Shadows drift round the city now.  The Castle and Priory Church still sit broodily on the hill above the Roman bath house.  Lune Mills and the empire of James Williamson, later Lord Aston, are dust, and lino no longer rolls here.  The exhilarating covered market, once dazzling with fruit and veg, fish, meat, and cheese, the thriving hub of a living city, is no more, having suffered that curious fate of places to be redeveloped - a minor conflagration…..  Some of the back-to-backs





are still there, grass-green and unloved, but nobody seems to hang washing any more, 





and those Scottish Streets (Elgin, Dundee, etc) are choked by pavement parking, and uniformly decorated with satellite dishes, all directed at Moscow…..

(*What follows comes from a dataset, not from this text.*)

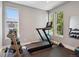 Home gym featuring a treadmill, weights, and ample natural light from large windows at 2508 S Pennsylvania St, Denver, CO 80210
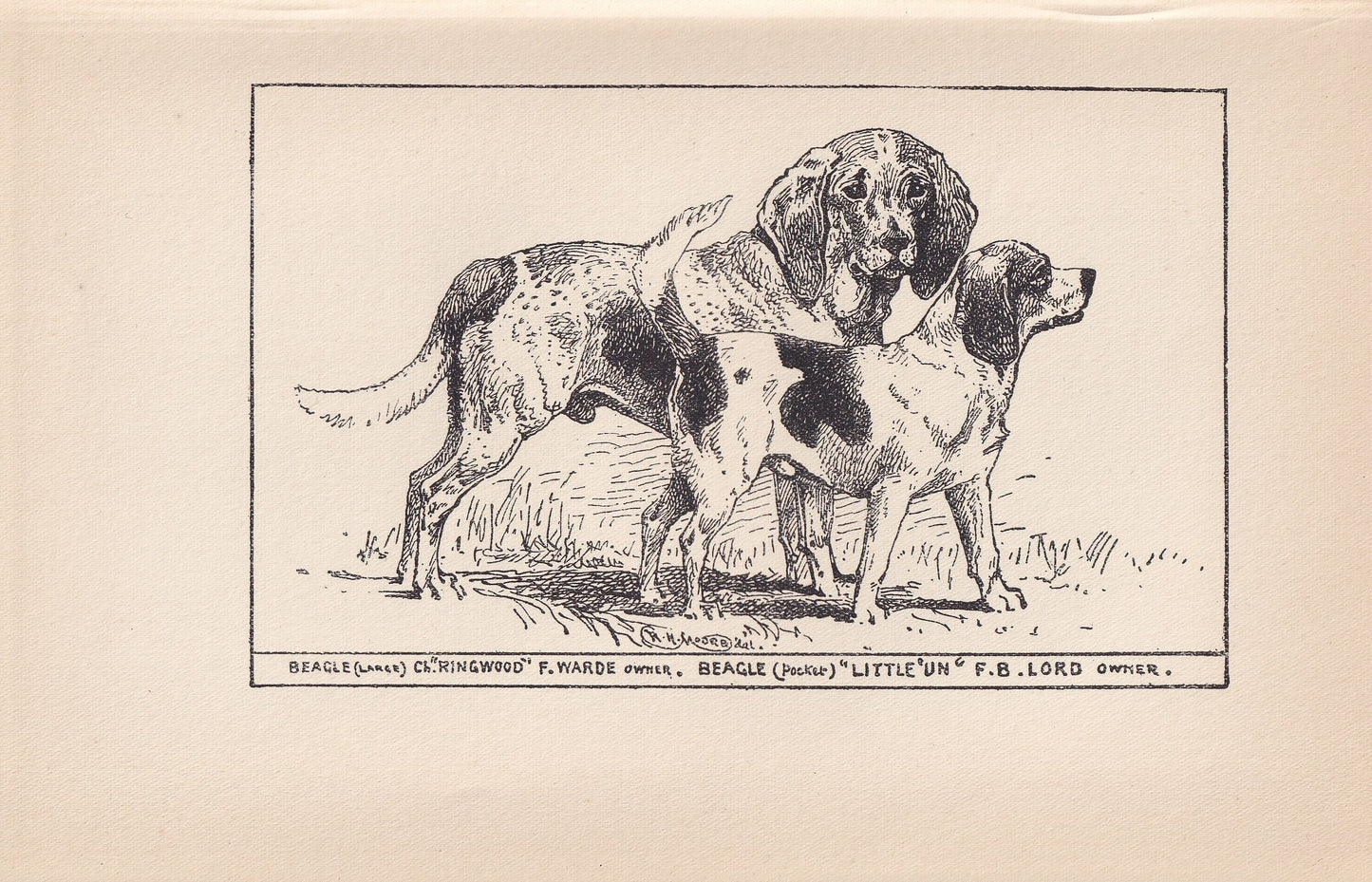 1900 BEAGLE & POCKET BEAGLE Print - Original Antique Dog Print - R. H. Moore - Dog Wall Art - Dog Lover - Dog Gift - 8.6 x 5.6 Inches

Up in Williamson Park, by the Ashton Memorial, kids taunt me for taking pictures of my memories, innocent of the fact that they are enjoying the space as much as I did. 





The view across Morecambe Bay to the distant hills of the Lake District is the glory it ever was, and brings back memories of the gleaming sea and evening skies.

I visit David at his home near Carnforth.  Still as sharp as millstone grit, though inevitably less likely to play football with his offspring now, we lunch together, our memories folded like our napkins, personal, but not completely private. 





I don’t know what has become of the others.  Occasional threads drift across my face, but where Ray, or Steve, or Kath or Mary are now, only they can tell…..





What are we without memories?  My mother, now 95, sits vacantly in the departure lounge, unable to tell whether she knows who we are.  So should we, like Hamlet, wipe away all trivial, fond records…. From the table of my memory?  Or, like Cowper, should we acknowledge,

What peaceful hours I once enjoy’d
How sweet their mem’ry still!
But they have left an aching void,
The world can never fill.

(Olney Hymns, I)

I loved Lancaster, and my times there.  It was the kiln I was fired in.  But there is no going back.  I just hope that those I shared my time with there have had good lives.

It’s good to touch the green, green grass of home…..






1 comment:

  1. I enjoyed your reminiscences!
    Roger is no better! Still smooth and now living in Malaysia! Did you know Jonathan Keeley? We're in touch with him fairly regularly.

    Duncan R. Bell (his son), now living in Lancaster again too, after many years away.